U.S.A v. Huff

Citation609 F.3d 1240
Decision Date25 June 2010
Docket NumberNo. 08-16272.,08-16272.
PartiesUNITED STATES of America, Plaintiff-Appellee,v.Tommie HUFF, Defendant-Appellant,Steve Deason, Defendant.
CourtUnited States Courts of Appeals. United States Court of Appeals (11th Circuit)

COPYRIGHT MATERIAL OMITTED

Laura D. Hogue, Hogue & Hogue, Macon, GA, for Defendants-Appellants.

George R. Christian, Macon, GA, Dean S. Daskal, Columbus, OH, for Plaintiff-Appellee.

Appeals from the United States District Court for the Middle District of Georgia.

Before EDMONDSON, BARKETT and BALDOCK,* Circuit Judges.

BARKETT, Circuit Judge:

Tommie Huff was convicted of bribery and conspiracy to commit wire fraud and bribery, in violation of 18 U.S.C. §§ 1341, 1343, 201, for his role in a kickback scheme that involved placing fraudulent supply orders for Robins Air Force Base (“RAFB”). He raises three issues on appeal. First, he argues that there is insufficient evidence to permit a reasonable juror to find that the single conspiracy charged in the indictment existed because the government failed to prove any interdependence between him and his co-defendant Steve Deason. Rather, Huff argues that there were multiple independent “hub and spoke” conspiracies. Huff also challenges his sentence, arguing that the district court erred in calculating the amount of loss and the amount of restitution. He contends that the district court should have considered only the value of the kickbacks Huff received when it calculated both figures instead of the value of the kickbacks received by both Huff and his co-conspirator “S.H.”1

I. CONVICTION

Huff contends that insufficient evidence supported his conviction for conspiracy to defraud because the indictment charged a single conspiracy between Huff and Steve Deason but the government's evidence only supported a finding of multiple “hub-and-spoke” conspiracies, in which S.H. and J.H. formed the hub and he and Deason formed separate spokes. He argues that because there was no interdependence between himself and Deason, there was no “rim” connecting the individual spokes and thus there were multiple independent conspiracies, not the single one that was charged in the indictment.

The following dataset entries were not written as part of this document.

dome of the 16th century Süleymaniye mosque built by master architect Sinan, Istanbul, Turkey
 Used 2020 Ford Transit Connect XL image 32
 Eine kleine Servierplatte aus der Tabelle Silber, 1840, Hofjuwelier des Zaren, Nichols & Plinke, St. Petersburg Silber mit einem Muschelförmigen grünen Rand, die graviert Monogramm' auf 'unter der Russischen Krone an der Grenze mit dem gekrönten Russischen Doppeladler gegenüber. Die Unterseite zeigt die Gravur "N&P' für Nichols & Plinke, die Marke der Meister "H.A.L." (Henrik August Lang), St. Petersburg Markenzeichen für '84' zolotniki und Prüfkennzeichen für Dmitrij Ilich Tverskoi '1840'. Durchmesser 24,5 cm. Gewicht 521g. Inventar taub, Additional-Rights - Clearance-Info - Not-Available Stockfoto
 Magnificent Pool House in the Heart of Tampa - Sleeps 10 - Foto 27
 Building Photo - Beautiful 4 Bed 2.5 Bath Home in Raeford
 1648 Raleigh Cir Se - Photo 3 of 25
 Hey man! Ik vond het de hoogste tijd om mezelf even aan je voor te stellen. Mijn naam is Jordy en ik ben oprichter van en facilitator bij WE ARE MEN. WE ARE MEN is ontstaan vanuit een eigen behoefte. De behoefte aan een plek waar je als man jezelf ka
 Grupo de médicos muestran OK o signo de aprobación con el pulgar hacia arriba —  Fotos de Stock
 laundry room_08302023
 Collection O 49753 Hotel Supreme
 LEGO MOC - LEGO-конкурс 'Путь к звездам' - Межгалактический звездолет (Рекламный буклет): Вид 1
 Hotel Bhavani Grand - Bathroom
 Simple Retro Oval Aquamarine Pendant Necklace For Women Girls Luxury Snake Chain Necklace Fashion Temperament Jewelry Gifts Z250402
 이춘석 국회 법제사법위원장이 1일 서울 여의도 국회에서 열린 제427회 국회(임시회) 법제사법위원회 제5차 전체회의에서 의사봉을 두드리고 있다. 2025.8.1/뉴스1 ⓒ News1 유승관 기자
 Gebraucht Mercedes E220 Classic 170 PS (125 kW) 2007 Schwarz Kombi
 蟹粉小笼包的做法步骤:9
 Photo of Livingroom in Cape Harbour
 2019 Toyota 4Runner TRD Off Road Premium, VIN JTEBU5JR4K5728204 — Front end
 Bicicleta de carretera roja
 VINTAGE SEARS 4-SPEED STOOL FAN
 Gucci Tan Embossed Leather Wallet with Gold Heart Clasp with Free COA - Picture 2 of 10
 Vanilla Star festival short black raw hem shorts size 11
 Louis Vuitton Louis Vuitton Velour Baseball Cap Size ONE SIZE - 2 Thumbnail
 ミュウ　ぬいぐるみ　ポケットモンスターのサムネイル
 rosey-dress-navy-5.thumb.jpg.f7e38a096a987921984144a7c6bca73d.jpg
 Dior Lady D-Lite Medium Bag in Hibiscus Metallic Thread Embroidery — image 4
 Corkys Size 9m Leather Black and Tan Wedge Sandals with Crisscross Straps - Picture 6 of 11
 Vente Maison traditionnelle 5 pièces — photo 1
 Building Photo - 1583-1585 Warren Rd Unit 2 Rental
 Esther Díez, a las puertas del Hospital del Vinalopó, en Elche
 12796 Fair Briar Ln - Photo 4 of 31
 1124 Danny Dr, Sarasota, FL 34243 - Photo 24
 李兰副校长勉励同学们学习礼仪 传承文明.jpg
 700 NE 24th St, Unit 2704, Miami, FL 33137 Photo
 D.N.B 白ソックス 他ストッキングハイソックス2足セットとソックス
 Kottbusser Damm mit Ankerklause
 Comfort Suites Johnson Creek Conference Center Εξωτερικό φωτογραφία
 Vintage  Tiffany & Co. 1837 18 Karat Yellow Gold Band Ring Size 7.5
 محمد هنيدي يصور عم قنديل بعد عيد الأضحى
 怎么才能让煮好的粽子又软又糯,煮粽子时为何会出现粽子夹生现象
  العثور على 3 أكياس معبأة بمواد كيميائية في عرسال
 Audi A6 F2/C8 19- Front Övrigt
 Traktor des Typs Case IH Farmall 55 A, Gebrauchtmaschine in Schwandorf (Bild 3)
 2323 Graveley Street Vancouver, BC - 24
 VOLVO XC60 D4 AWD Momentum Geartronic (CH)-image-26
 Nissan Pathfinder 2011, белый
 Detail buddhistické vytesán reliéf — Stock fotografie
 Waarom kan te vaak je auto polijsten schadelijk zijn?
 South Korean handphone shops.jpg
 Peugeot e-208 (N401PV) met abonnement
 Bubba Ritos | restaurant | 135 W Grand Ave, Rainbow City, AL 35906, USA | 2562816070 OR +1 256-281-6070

The applicable standard of review is whether, viewing the evidence in the light most favorable to the government, a reasonable juror could have found the existence of a single conspiracy beyond a reasonable doubt. United States v. Richardson, 532 F.3d 1279, 1284 (11th Cir.2008) cert. denied, --- U.S. ----, 129 S.Ct. 950, 173 L.Ed.2d 146 (Jan. 12, 2009). “In other words, a jury's conclusion that a single conspiracy existed should not be disturbed as long as it is supported by the evidence.” Id.

“To determine whether a jury could reasonably have found that [the] evidence established a single conspiracy beyond a reasonable doubt, [this court] must consider: (1) whether a common goal existed; (2) the nature of the underlying scheme; and (3) the overlap of participants.” Id. (emphasis and quotation marks omitted). “The government must establish interdependence amongst the co-conspirators.” United States v. Seher, 562 F.3d 1344, 1366 (11th Cir.2009). This court has explained that:

The existence of separate transactions does not have to imply separate conspiracies if the co-conspirators acted in concert to further a common goal. Courts typically define the common goal element as broadly as possible, with “common” being defined as “similar” or “substantially the same.” If a defendant's actions facilitated the endeavors of other co-conspirators, or facilitated the venture as a whole, then a single conspiracy is shown. Each co-conspirator thus does not have to be involved in every part of the conspiracy.

Id. (quotations and citations omitted).

A “hub-and-spoke” conspiracy occurs where “a central core of conspirators recruits separate groups of co-conspirators to carry out the various functions of the illegal enterprise.” United States v. Chandler, 388 F.3d 796, 807 (11th Cir.2004) (citing Kotteakos v. United States, 328 U.S. 750, 755, 66 S.Ct. 1239, 90 L.Ed. 1557 (1946)). “The core conspirators move from spoke to spoke, directing the functions of the conspiracy.” Id. Where only one conspirator moves from spoke to spoke, however, the conspiracy is analogous to a “rimless wheel,” with nothing connecting the separate spokes into a single conspiracy. Id. “Thus, where the ‘spokes' of a conspiracy have no knowledge of or connection with any other, dealing independently with the hub conspirator, there is not a single conspiracy, but rather as many conspiracies as there are spokes.” Id. Where “the various spokes are aware of each other and of their common aim,” however, there is a single conspiracy. Seher, 562 F.3d at 1367.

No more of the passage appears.